Friday, August 05, 2016

Parisian noir

Frédéric Dard was a prolific crime writer in the 20th century who had a major series (173 novels) about about the invincible Detective Superintendent Antoine San-Antonio, and also other novels, some of which fit into the French noir category. One of these is Bird in a Cage, recently published by Pushkin Vertigo in David Bellos's translation.

Bird in a Cage is a twisty tale of a concentrated, tense return to a Paris suburb by an ex-con (the narrator), who has learned that his estranged mother has died. He stays in her apartment, visits a restaurant that had been held up by his mother as the height of elegance and expense, and there encounters a young mother and her daughter. He more or less follows them into a movie theater, and there begins a tentative relationship, assisting her with her sleeping child when they leave the cinema.

From there, the narrator is plunged into a labyrinth of a disappearing corpse, clues and even rooms that appear and vanish, and a tightening web in which he finds himself trapped. The novel ends with mysteries finally cleared up but destinies left hanging (we know what is probably going to happen, but not absolutely).
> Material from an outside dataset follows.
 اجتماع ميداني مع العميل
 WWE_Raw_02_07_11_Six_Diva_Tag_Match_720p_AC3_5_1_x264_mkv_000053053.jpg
This is a classic crime novel in the French mode, reminiscent of film noir and dripping with the atmosphere of the mid-century era of noir's birth. It is claustrophobic, puzzling, and satisfying, a great quick read.

Monday, August 01, 2016

Dead Joker, by Anne Holt

The latest Hanne Wilhelmsen novel by Anne Holt is one of the most intense. Cecilie, her life-partner, is ill, and Hanne is confronting uncomfortable realities at home and at work. When a prosecutor phones the police to say that his wife has been decapitated while he was forced to watch, a series of events is set in motion: the man whom the prosecutor saw murder his wife turns out to be dead, a suicide some time before the murder. With a deceased suspect, the attention of the police naturally turns to the most logical alternative, the prosecutor himself. What follows is an unconventional puzzle mystery that will involve another murder, a murderer who is also a victim of child abuse, a ring of abusers and a ring of vigilantes, and a reassessment by Hanne of everything and everyone in her life.

Holt's novels are more focused on the lives, both inner and social, of her police characters than some in the Scandinavian crime wave, and sometimes the personalities of the detectives can be a bit distracting, imho. But in Dead Joker, the puzzling case and the personal disasters of the lead detective (though in no way parallel) add up to more than the sum of the parts. The end is in some ways inconclusive, but in its emotional truth, entirely satisfying.